One in two elderly people over the age of 85 lives completely alone. It is one of the most important data of Relationship Census “Aging in the Italy of longevity. How to build a country suitable for the elderly”, presented in Rome. 36.6% of Italians aged 65 and over declares that he needs help in daily life: twenty years ago the share was stable at 18.3%. It doubled. The picture affects millions of people. Today, 31.7% need support from time to time, while 4.9% need it often. Only 62.0% of those interviewed declared themselves totally self-sufficient, compared to 78.8% in 2006: almost 17 percentage points less in two decades.

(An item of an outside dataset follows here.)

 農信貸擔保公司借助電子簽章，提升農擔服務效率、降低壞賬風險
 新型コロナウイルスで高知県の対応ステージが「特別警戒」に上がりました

For 89.6% of long-lived people physical decline cannot be stoppedno matter how much you take care of yourself. 79.3% were resigned to the fact that some age-related changes are irreversible. A new awareness of fragility is growing, different from the rhetoric of active longevity and performance in old age: for 79.8% of long-lived people, accepting old age as a permanent condition helps to give more value to the present.
Italy is the oldest in Europe
People aged 65 or over are today the 25,1% of the Italian population, the highest share in the European Union. Between 1951 and 2025, minors up to 17 years of age decreased by 38.8%, young people between 18 and 34 years old by 18.9%. In the same period, the 35-64 age group grew by 53.7% and that of the over 65s by 248.6%. Censis projections to 2050 indicate beyond 18.9 million of elderly people, 34.6% of the population: more than one Italian in three.

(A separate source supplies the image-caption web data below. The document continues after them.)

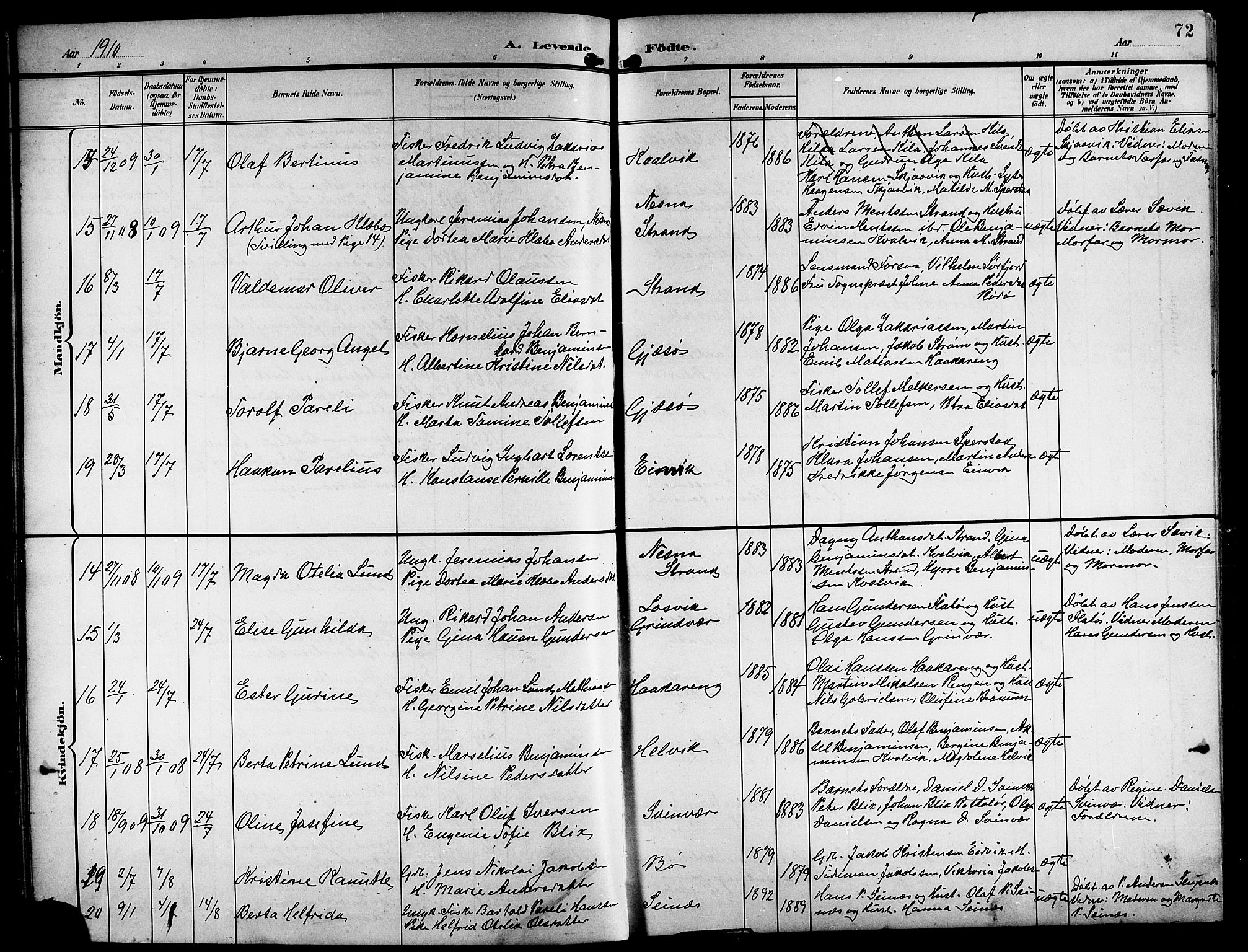 Ministerialprotokoller, klokkerbøker og fødselsregistre - Nordland, AV/SAT-A-1459/841/L0621: Parish register (copy) no. 841C05, 1897-1923, p. 72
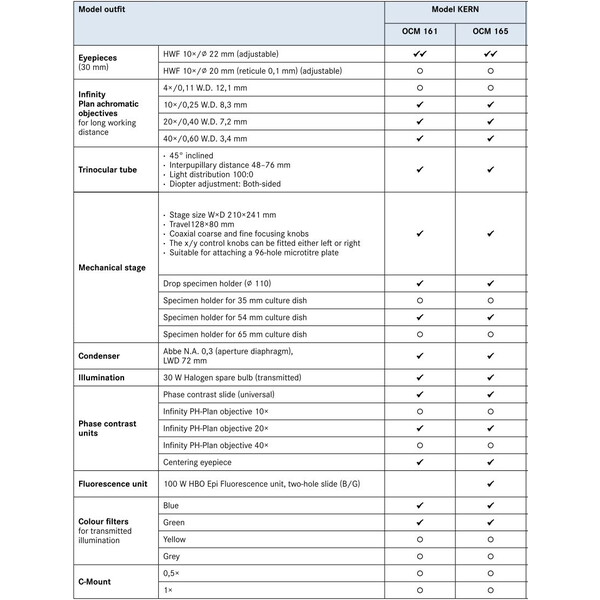 Kern Microscopio invertito Trino Inf Plan 10/20/40/20PH, WF10x22, 30W Hal, OCM 161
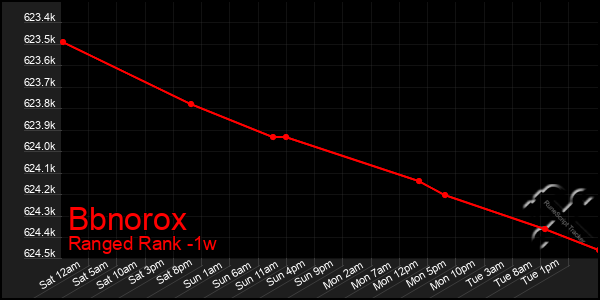 Last 7 Days Graph of Bbnorox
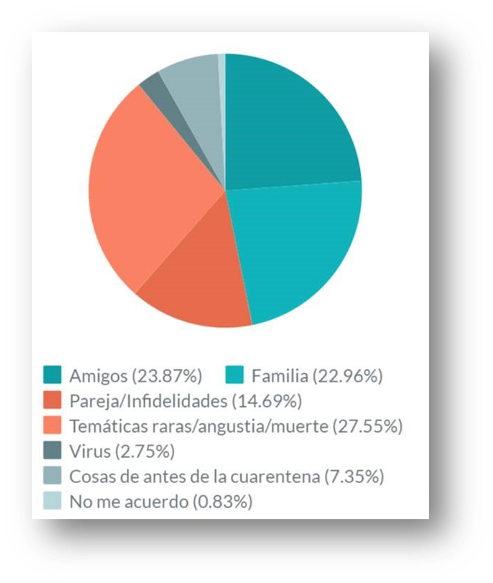 Gráfico2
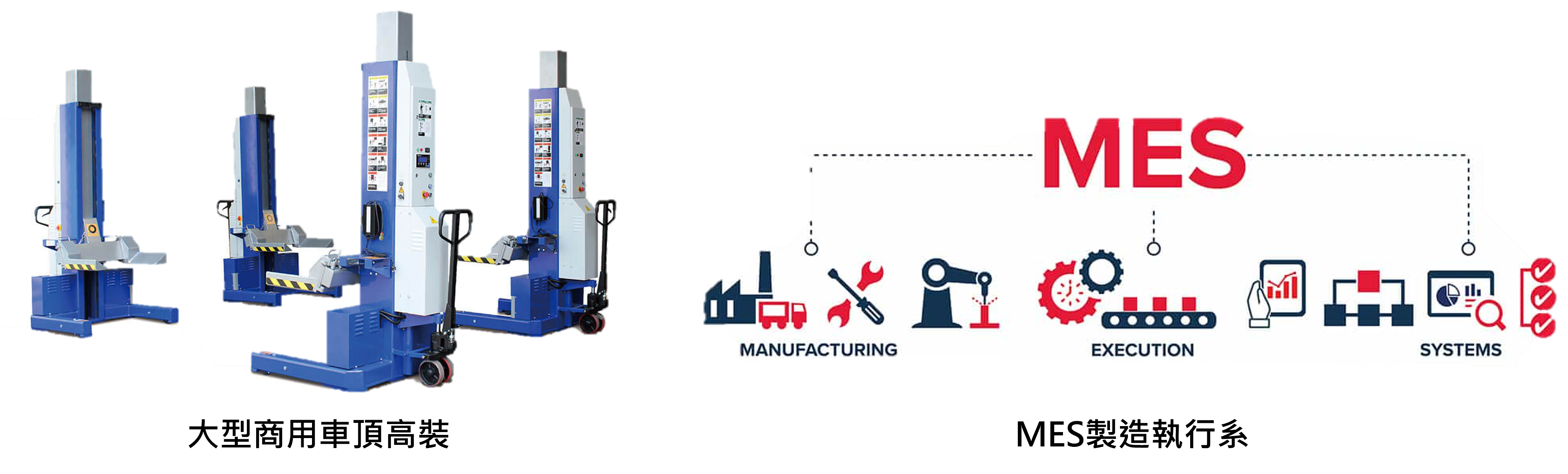 中長期預計新增之設備及系統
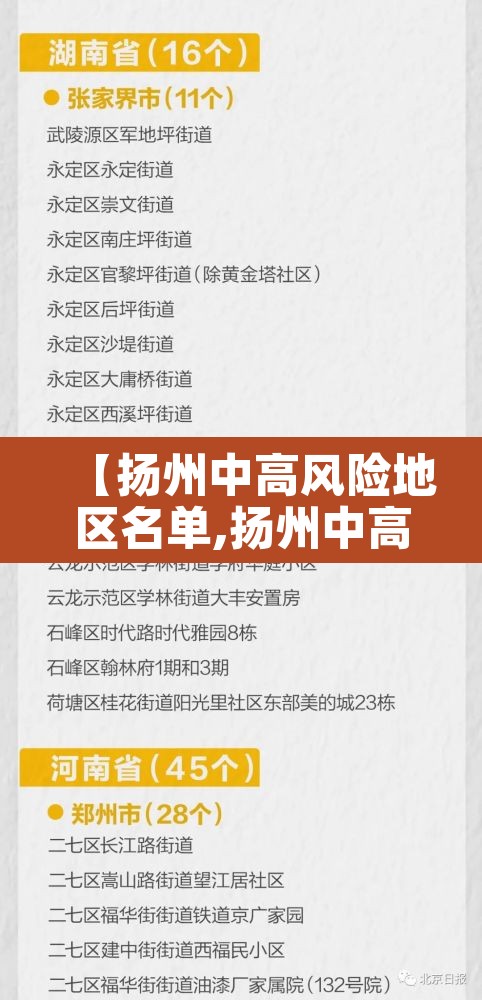 【扬州中高风险地区名单,扬州中高风险区域】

For the current over 65s, old age begins on average at 76.7 years. 41.0% of those interviewed place it between 70 and 75 years of age, over 43% after 80. But for 69.4% of long-lived people the real watershed is not chronological age: it is the loss of self-sufficiency. This is followed by the death of friends and peers (24.9%), the death of a spouse (22.3%), retirement (8.0%) and becoming grandparents (4.2%). Among the elderly, the most widespread fear is dependence on others: 82.8% of those interviewed fear it. Death concerns a significantly lower share33.5%. Only 16.5% would like to live to 120 years. For long-lived people, the quality of life is more important than its duration, and above all preserving autonomy.

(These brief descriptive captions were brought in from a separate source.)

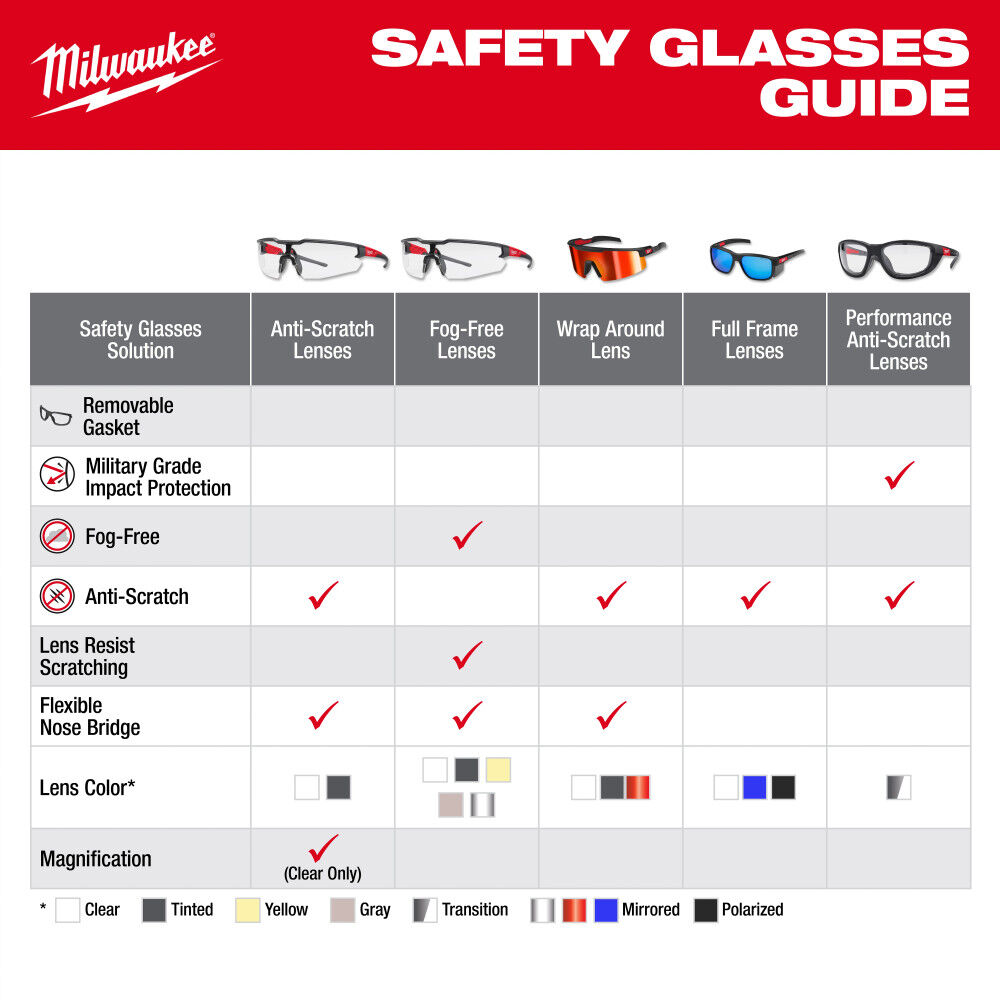 Milwaukee Wrap Around Safety Glasses Silver Mirrored Anti-Scratch Lenses, large image number 10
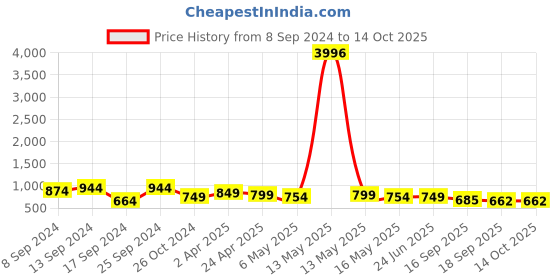 myntra.com Fabflee Pack Of 4 Graphic Printed Cotton T-shirts fabflee Price History Graph from 8 Sep 2024 to 14 Oct 2025
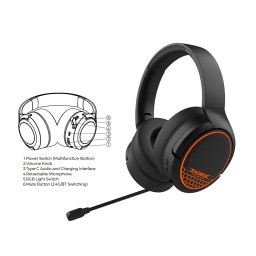 سماعة ألعاب لاسلكية دوبي RGB تدعم النمط المزدوج (موديل TP5-35110) DOBE RGB 2.4G & Bluetooth Dual Mode Wireless Gaming Headset (Model TP5-35110)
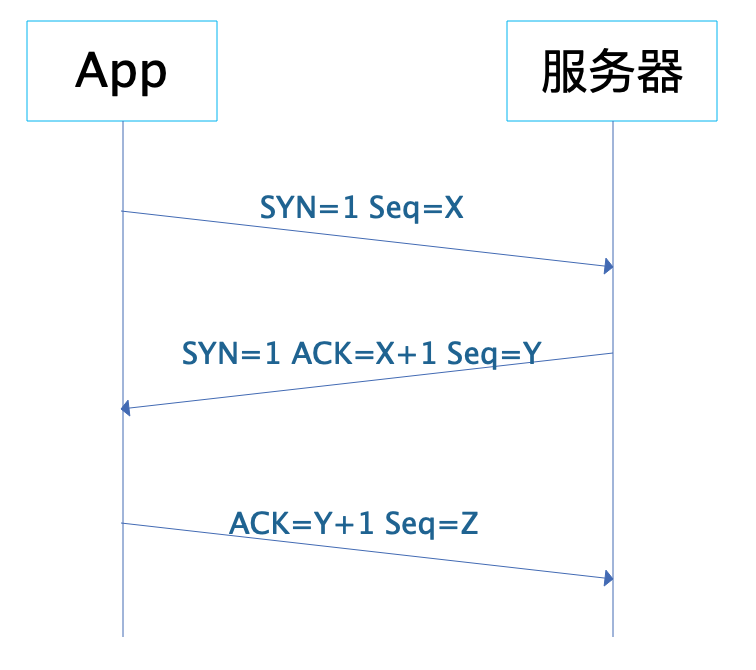 HTTP协议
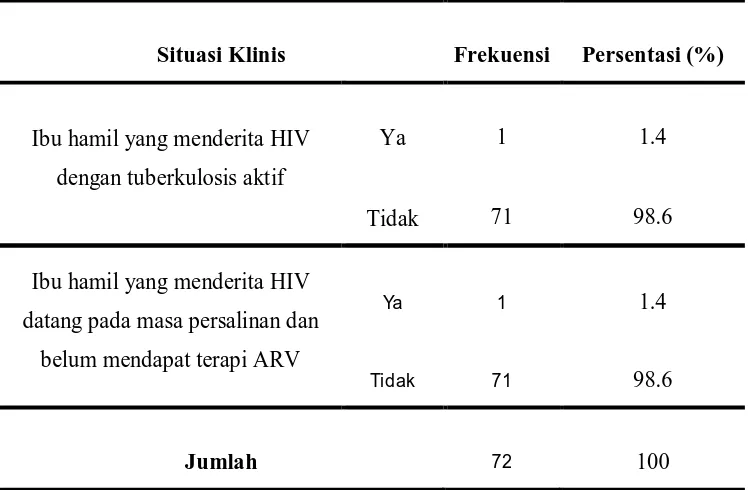 Table 5.7. Distribusi Frekuensi Kasus HIV pada kehamilan di RSUP H. 
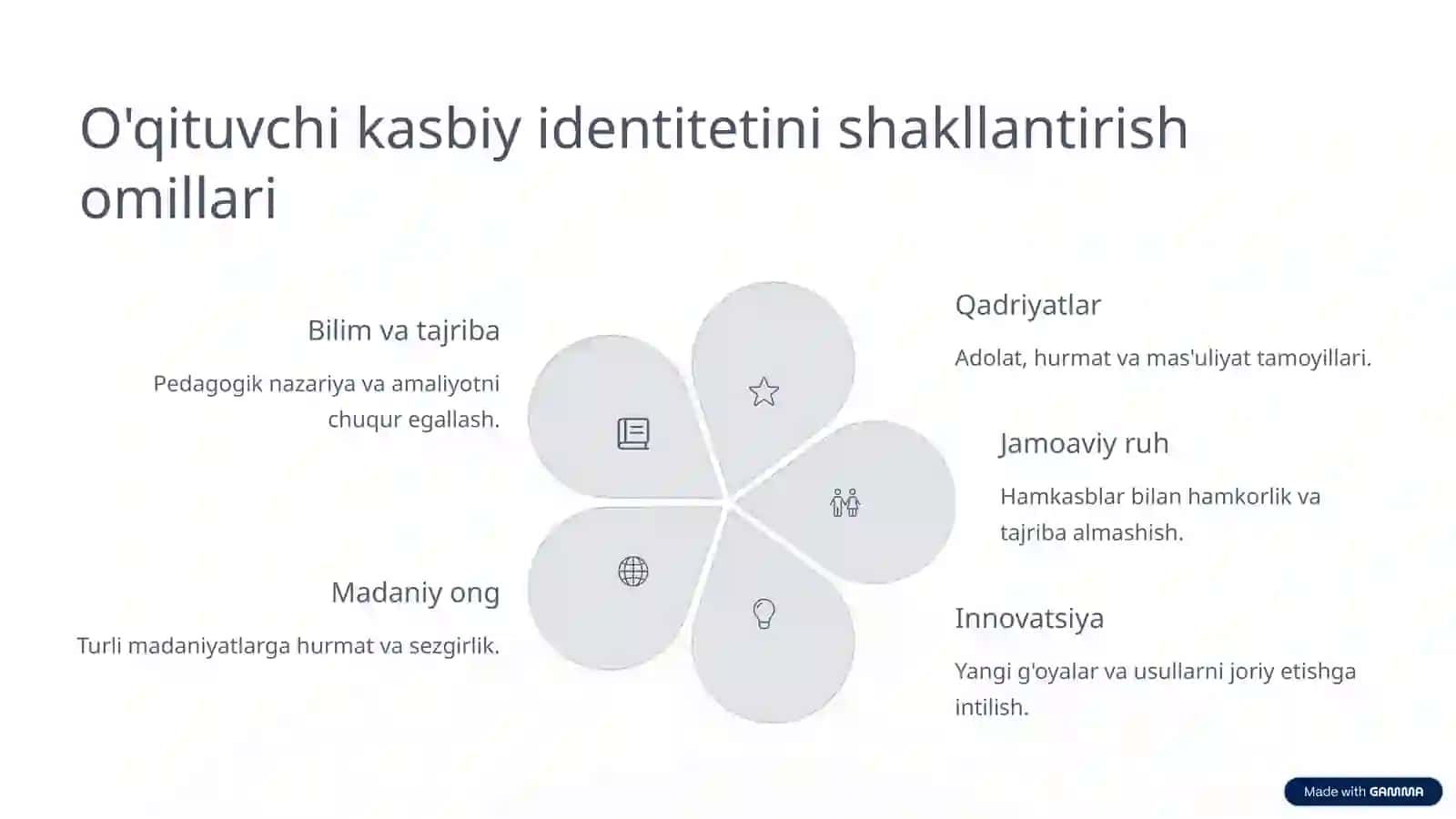 O'qituvchining shaxsiy rivojlanishi va kasbiy identiteti 3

The family remains the first barrier
In case of need, 52.7% of elderly people rely on their children, 49.6% on spouses and cohabitants, 16.0% on other relatives. Only 1.9% rely on nurses or home assistants from public facilities. 7.8% have no one to count on. 62.3% of elderly people feel lonely, 8.9% always or often. Only 29.5% of the over 65s live fully, a share that rises to 37.0% after the age of 75 and reaches 49.9% after the age of 85: one elderly person in two.